* **ASSIGNMENT**:
Write the data out again exactly, with no pictures.

Records excerpted from a collection
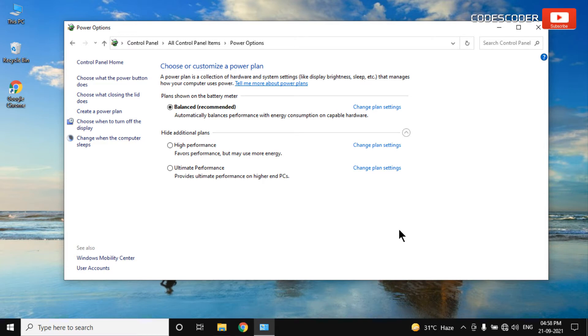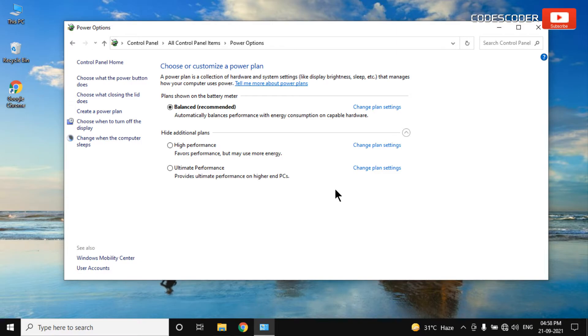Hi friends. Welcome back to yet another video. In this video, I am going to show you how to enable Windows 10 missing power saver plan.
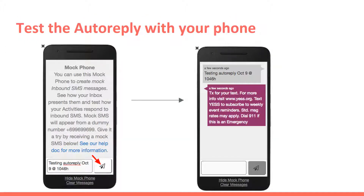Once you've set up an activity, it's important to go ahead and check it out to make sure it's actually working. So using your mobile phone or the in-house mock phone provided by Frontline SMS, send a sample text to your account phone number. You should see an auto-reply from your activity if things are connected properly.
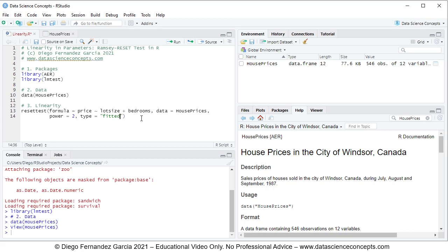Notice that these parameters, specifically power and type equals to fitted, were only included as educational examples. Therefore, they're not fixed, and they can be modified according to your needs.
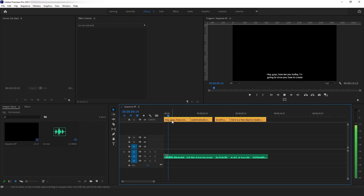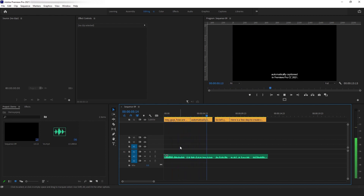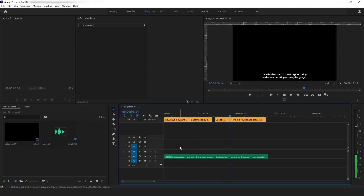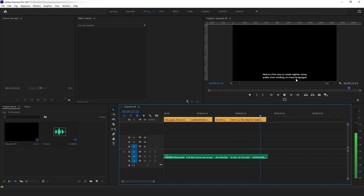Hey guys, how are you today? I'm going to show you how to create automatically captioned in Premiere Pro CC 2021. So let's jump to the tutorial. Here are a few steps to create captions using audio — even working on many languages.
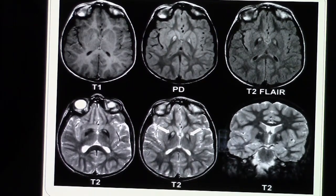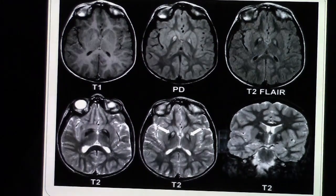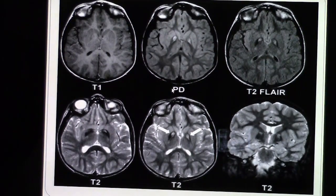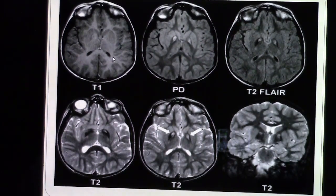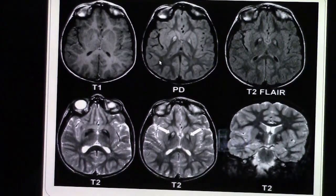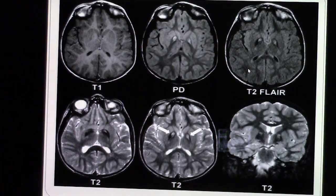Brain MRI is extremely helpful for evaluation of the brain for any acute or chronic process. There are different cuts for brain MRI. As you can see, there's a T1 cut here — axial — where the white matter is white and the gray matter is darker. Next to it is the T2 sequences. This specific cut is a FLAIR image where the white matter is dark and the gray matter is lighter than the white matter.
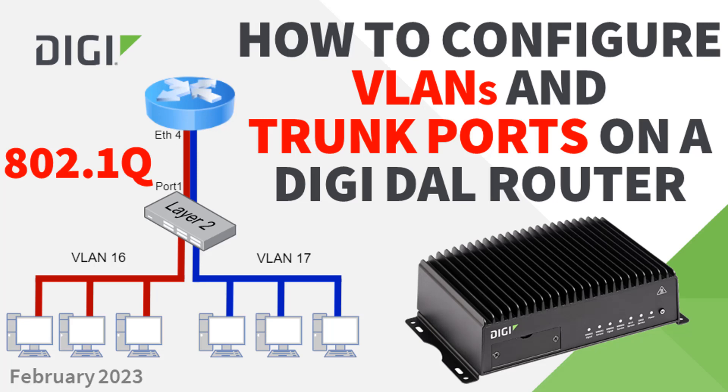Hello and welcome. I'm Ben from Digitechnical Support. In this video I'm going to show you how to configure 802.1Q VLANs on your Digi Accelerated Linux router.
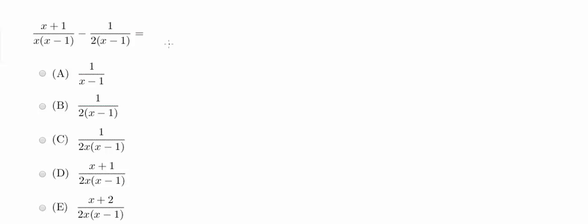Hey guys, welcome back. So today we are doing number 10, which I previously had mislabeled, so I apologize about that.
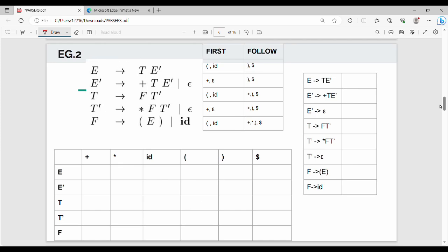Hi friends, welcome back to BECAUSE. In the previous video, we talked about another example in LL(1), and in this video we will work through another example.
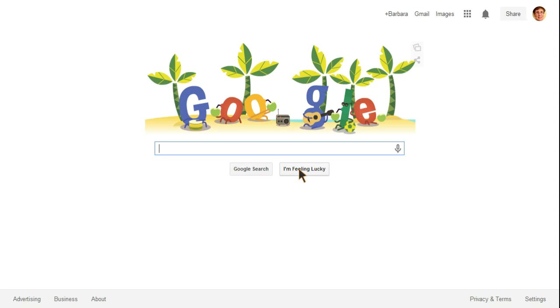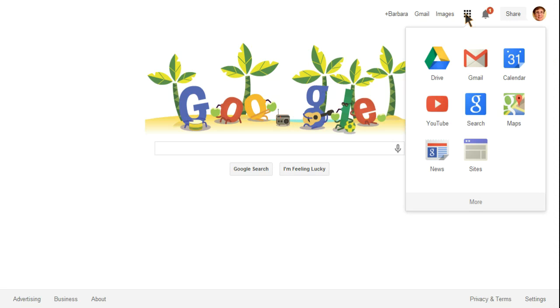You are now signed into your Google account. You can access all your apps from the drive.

* **ANSWER BOX**:
Hi friends. Welcome back to yet another video. In this video, I am going to show you how to enable Windows 10 missing power saver plan.
Once you've set up an activity, it's important to go ahead and check it out to make sure it's actually working. So using your mobile phone or the in-house mock phone provided by Frontline SMS, send a sample text to your account phone number. You should see an auto-reply from your activity if things are connected properly.
Notice that these parameters, specifically power and type equals to fitted, were only included as educational examples. Therefore, they're not fixed, and they can be modified according to your needs.
Hey guys, how are you today? I'm going to show you how to create automatically captioned in Premiere Pro CC 2021. So let's jump to the tutorial. Here are a few steps to create captions using audio — even working on many languages.
Brain MRI is extremely helpful for evaluation of the brain for any acute or chronic process. There are different cuts for brain MRI. As you can see, there's a T1 cut here — axial — where the white matter is white and the gray matter is darker. Next to it is the T2 sequences. This specific cut is a FLAIR image where the white matter is dark and the gray matter is lighter than the white matter.
Hello and welcome. I'm Ben from Digitechnical Support. In this video I'm going to show you how to configure 802.1Q VLANs on your Digi Accelerated Linux router.
Hey guys, welcome back. So today we are doing number 10, which I previously had mislabeled, so I apologize about that.
Hi friends, welcome back to BECAUSE. In the previous video, we talked about another example in LL(1), and in this video we will work through another example.
You are now signed into your Google account. You can access all your apps from the drive.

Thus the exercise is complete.